Soil salinity is an increasing problem worldwide, and greatly limits crop production. Most crop plants are salt sensitive (glycophytes), and breeding for improved salt tolerance has met with limited success. A small percentage of flowering plants, however, can complete their life cycle under saline conditions, and are considered halophytes. Some halophytes are closely related to salt-sensitive crop plants and an investigation of the genetic, morphological, physiological and biochemical differences between glycophytic crops and their halophytic relatives may identify novel mechanisms that can be used to increase the salt tolerance of crops. Furthermore, it has been hypothesized that glycophytic species related to halophytes may already have most of the basic machinery needed for salt tolerance. This project will focus on the halophytic turfgrasses seashore paspalum and zoysiagrass, which have leaf adaptations that allow plants to sequester and/or excrete salt, and their salt-sensitive relatives sorghum and finger millet, two cereal crops. Understanding the genetics behind salt-adaptations in halophytes will ultimately find applications in breeding for enhanced salt tolerance. Furthermore, the project will be used as a vehicle to train graduate and undergraduate students, and to introduce 6-12 graders to inquiry-based learning and instill in them a passion for plant science.

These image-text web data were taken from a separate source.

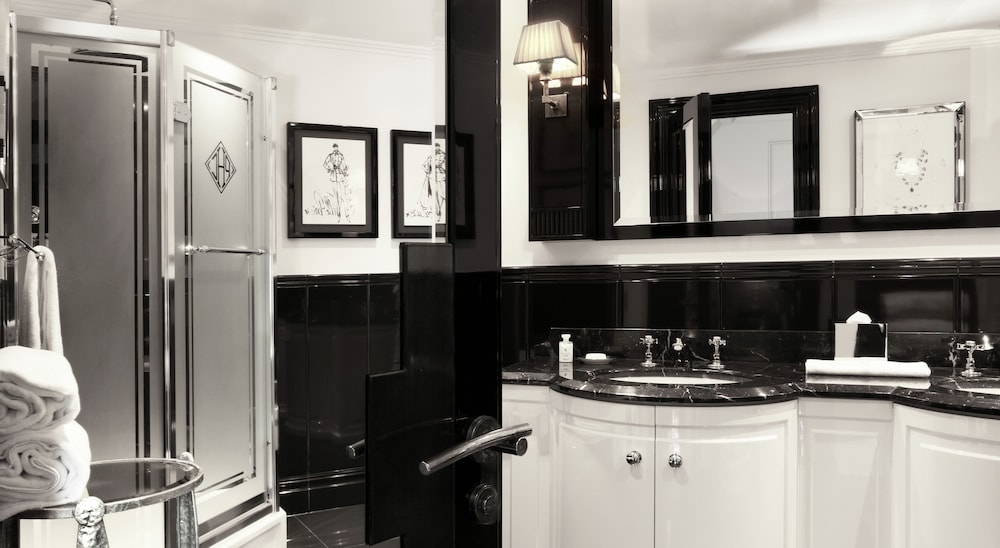 Premium Suite (designed by PATRICK HELLMANN) photo 2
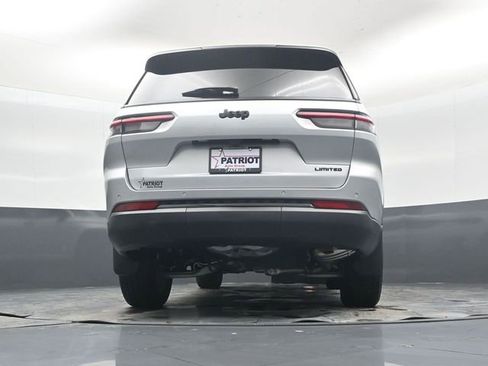 New 2025 Jeep Grand Cherokee L Limited w/ Black Appearance Package image 43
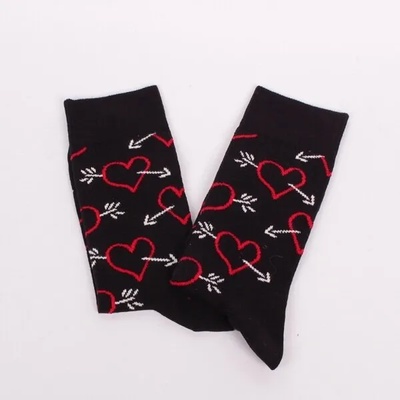 Памучни чорапи в черен цвят с декорация червени сърца с бели стрели
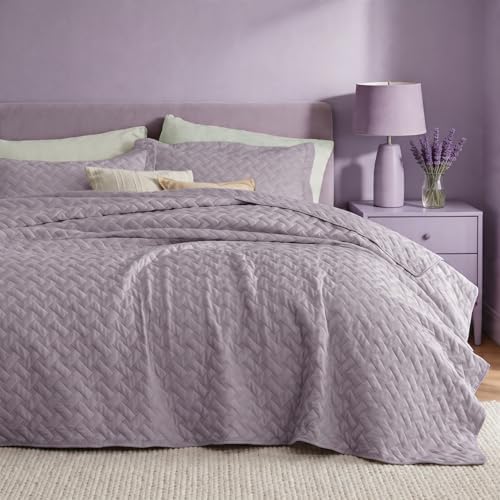 Bedsure Queen Size Quilt, Lightweight Comforter Set, Light Purple Bedspread by BEDSURE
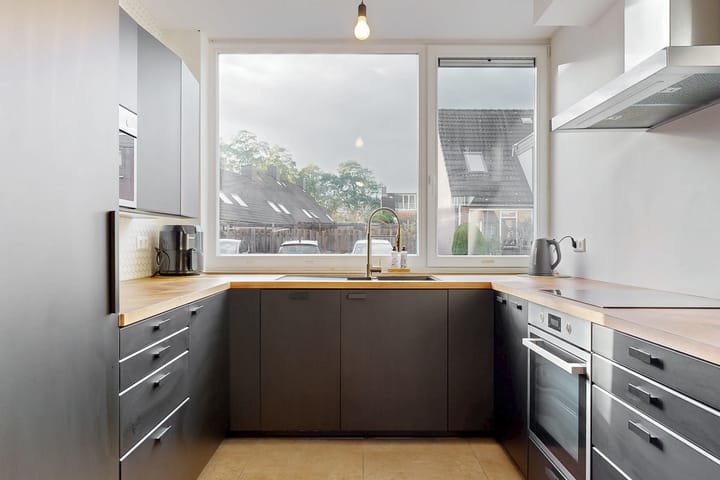 Photo 2 of Pinksterbloem 17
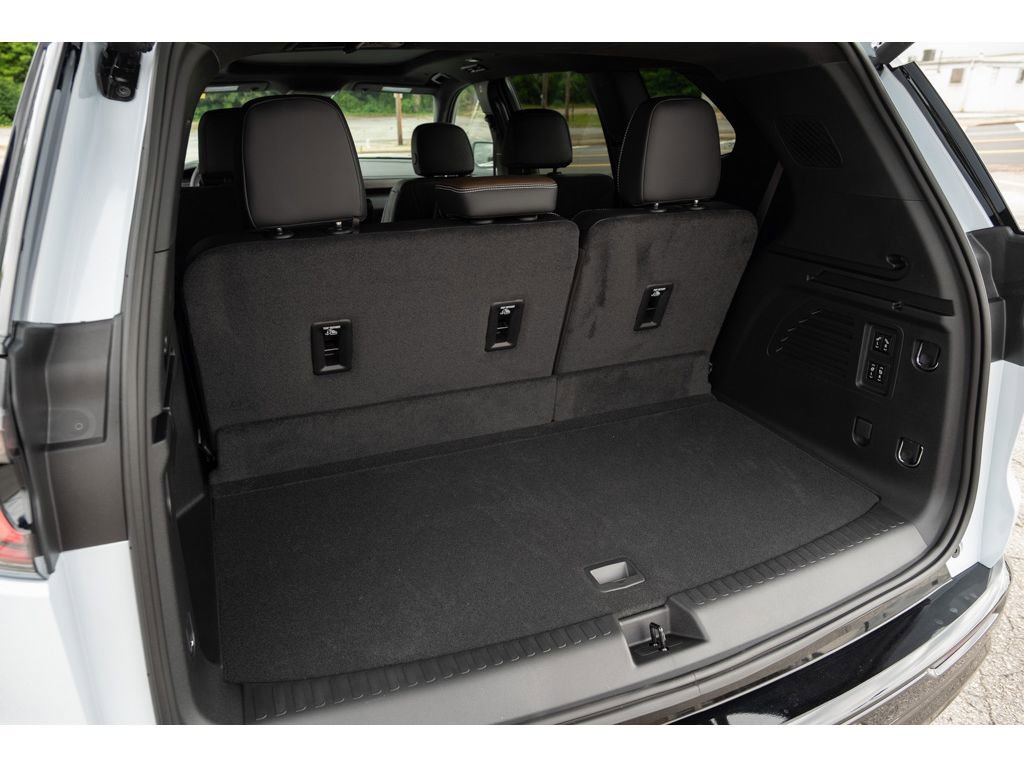 New 2026 GMC Acadia Denali Ultimate FWD image 34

The project builds on the results of preliminary studies that identified structural adaptations on the leaf surface as well as the presence of novel sulfated glycans as hallmarks of the halophytic grass seashore paspalum (Paspalum vaginatum). Combining element mapping, MALDI-mass spectrometry imaging, and biochemical, physiological and genetic analyses in halophytic and glycophytic grasses belonging to two taxonomic groups, the Panicoideae and Chloridoidea, the project aims to investigate (1) whether sulfate is essential to halophytic growth under high salt; (2) whether ions (e.g. Na+, K+) and sulfur-containing compounds accumulate differentially in halophytes and glycophytes; (3) the composition and biosynthetic route of sulfated glycan; (4) the role of leaf adaptations in salt tolerance of halophytes; and (5) the genes involved in these structural and biochemical adaptations. The comparative analyses between halophytes and glycophytic relatives within taxonomic groups represent a novel approach to identify traits that contribute to salt tolerance.
This award reflects NSF's statutory mission and has been deemed worthy of support through evaluation using the Foundation's intellectual merit and broader impacts review criteria.